Worst Jokes Ever
Do you know how diarrhea is common in families? Because it runs in your genes.
Why did Princess Diana cross the road?
She forgot to put her seatbelt on.
What is Stephen Hawking's favorite song?
"Highway to Hell."
Boi, you can't be talking because if someone punched you in the face, you will be the one to apologize.
Sans: Why couldn't the skeleton go to prom?
Papyrus: Why? AND YOU KNOW I HATE PUNS!
Sans: Because they had NO BODY to go with.
Papyrus: THAT IS ENOUGH!!!
Sans: Sorry, didn't mean to GET UNDER YOUR SKIN.
Papyrus: YOU HAVE MADE ME MAD TO THE BONE SANS......wait
Sans: ( ͡° ͜ʖ ͡°)
God created everyone unique till he got to Asia, then it just went to copy paste, copy paste.
I got rejected from art school today, so yeah.
How do you start a dance party?
Go into the PTSD ward of an insane asylum and set off fireworks and watch the magic unfold.
Q: What's the difference between me and a priest? A: A priest isn't turned on by dead children.
You know when people say a joke about living?
That's because we are all living a joke.
Yo mama so fat, when she went on the weighing scale, it said, "To be continued."

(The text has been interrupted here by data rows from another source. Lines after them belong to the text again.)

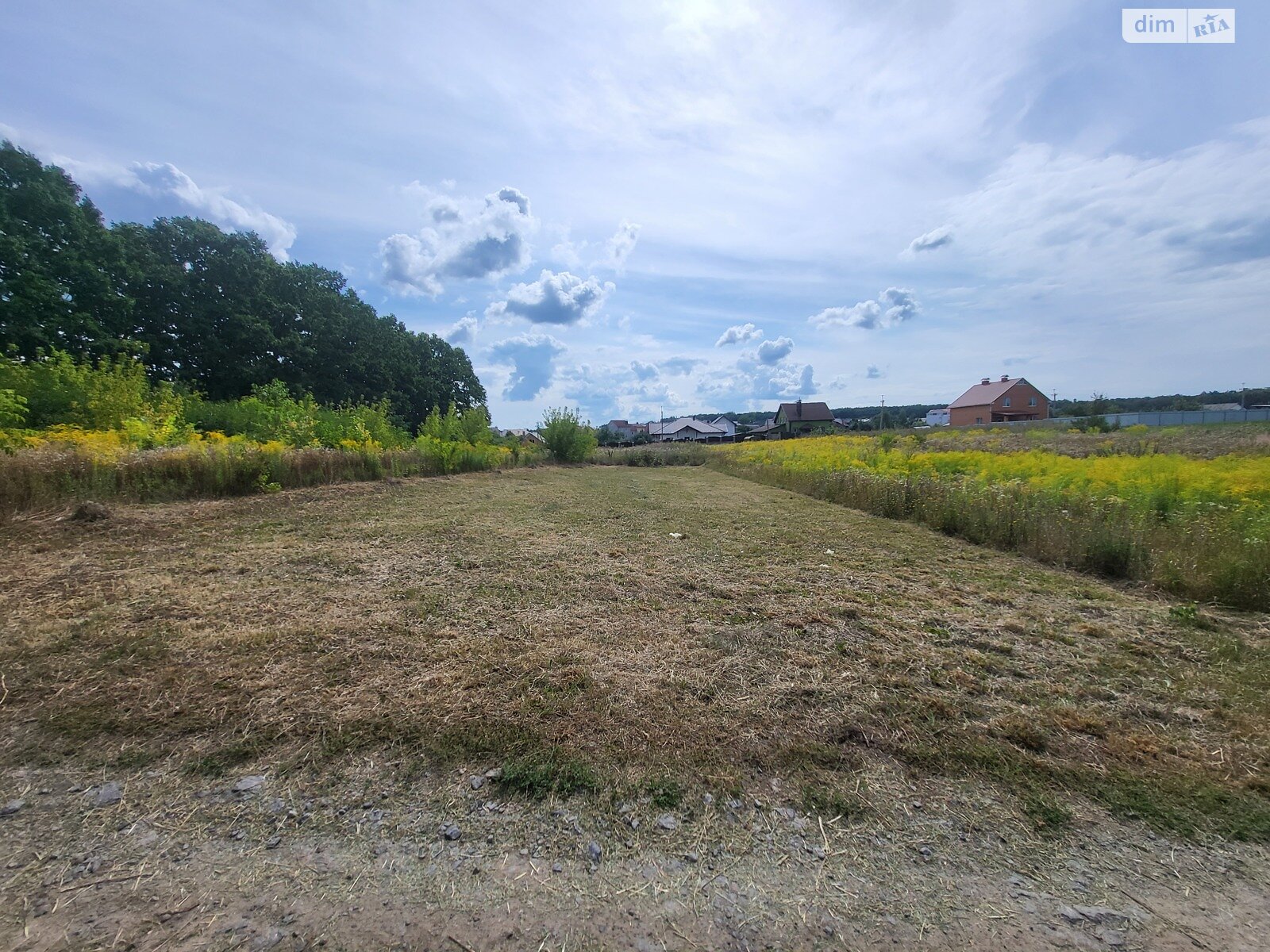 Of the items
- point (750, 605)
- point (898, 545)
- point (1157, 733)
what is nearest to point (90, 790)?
point (750, 605)

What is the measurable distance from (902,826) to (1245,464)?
759 cm

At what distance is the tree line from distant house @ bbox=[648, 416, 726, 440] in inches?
1318

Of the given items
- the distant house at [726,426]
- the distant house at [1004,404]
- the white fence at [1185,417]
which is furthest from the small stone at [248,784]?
the distant house at [726,426]

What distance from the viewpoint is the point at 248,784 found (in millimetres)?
1743

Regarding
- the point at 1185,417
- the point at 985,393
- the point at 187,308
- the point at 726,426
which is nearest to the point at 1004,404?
the point at 985,393

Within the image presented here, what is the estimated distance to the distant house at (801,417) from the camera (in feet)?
177

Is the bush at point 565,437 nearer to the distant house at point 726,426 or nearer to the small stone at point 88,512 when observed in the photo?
the small stone at point 88,512

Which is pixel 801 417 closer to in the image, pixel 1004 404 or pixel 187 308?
pixel 1004 404

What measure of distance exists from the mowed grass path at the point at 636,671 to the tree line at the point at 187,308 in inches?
658

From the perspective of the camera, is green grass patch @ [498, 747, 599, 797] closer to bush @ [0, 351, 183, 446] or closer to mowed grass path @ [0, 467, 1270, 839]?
mowed grass path @ [0, 467, 1270, 839]

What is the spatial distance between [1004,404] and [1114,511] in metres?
44.6

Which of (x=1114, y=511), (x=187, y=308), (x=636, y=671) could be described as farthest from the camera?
(x=187, y=308)

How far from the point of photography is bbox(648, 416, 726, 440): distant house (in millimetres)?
62969

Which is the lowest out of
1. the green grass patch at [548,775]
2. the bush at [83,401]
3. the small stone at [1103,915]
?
the small stone at [1103,915] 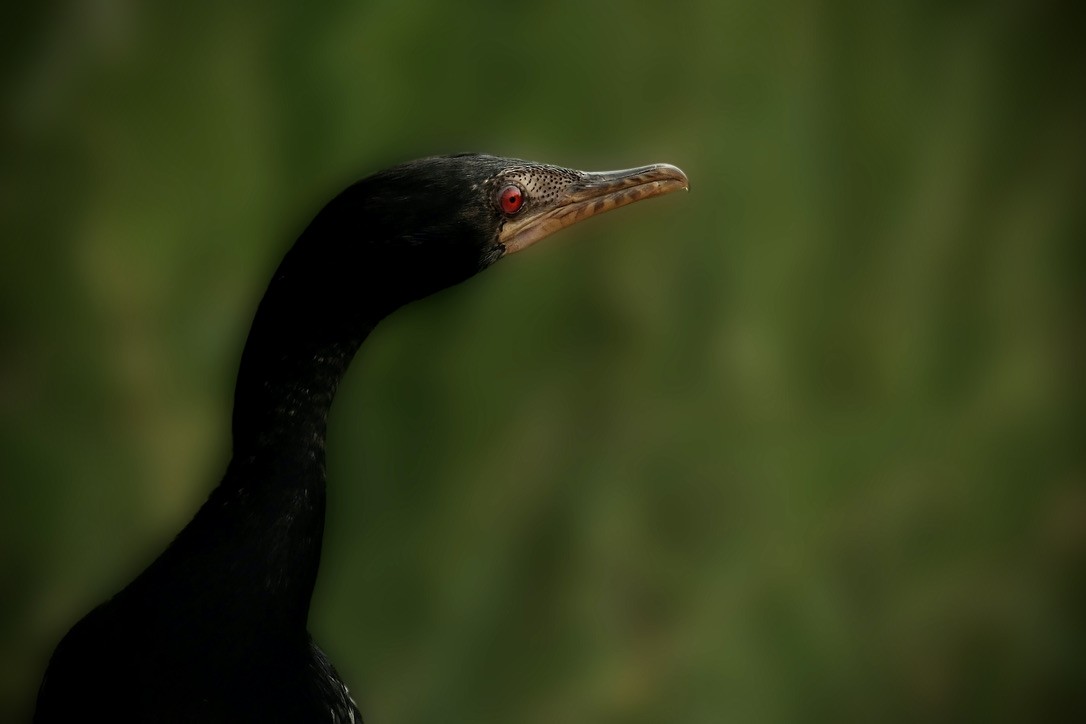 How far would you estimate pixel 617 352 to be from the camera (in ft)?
6.61

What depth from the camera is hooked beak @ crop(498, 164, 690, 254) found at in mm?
1333

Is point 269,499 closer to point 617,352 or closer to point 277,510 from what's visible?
point 277,510

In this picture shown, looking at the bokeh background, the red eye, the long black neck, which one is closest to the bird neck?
the long black neck

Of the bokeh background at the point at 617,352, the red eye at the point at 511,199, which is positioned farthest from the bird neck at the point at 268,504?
the bokeh background at the point at 617,352

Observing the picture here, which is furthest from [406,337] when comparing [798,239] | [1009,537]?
[1009,537]

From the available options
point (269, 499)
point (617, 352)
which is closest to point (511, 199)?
point (269, 499)

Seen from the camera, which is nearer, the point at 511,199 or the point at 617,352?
the point at 511,199

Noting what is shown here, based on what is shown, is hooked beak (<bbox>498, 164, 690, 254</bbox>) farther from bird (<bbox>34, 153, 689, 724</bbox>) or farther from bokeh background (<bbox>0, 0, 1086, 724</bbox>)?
bokeh background (<bbox>0, 0, 1086, 724</bbox>)

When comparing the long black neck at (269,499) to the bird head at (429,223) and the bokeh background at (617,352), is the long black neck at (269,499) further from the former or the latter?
the bokeh background at (617,352)

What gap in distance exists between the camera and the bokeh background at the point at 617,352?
1.89 m

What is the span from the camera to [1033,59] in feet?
7.04

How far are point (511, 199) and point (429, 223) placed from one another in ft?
0.36

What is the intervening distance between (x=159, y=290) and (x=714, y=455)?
901mm

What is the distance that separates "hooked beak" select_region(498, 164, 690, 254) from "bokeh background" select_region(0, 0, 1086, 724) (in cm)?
58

If anyone ever makes a time machine, please make a bunker for Hitler/the Nazis and send them to 2050. I want to see who would die first, future us or them.
What do you call an autistic kid with orange hair?
A boomerang.
Time waits for no man, time is obviously a woman.
What is the worst joke ever? It's you.
What's the difference between puppies and orphans?
Puppies actually get picked.
My girlfriend left a note on the TV saying, "This isn't working!" I don't know what she's talking about, the TV works perfectly fine.
My arm has a different texture than the rest of me, lol.
What is the same between water and dark jokes?
Not everyone gets it!
My uncle is an alchemist.
He can turn 3 bottles of beer into 4 hours of abuse.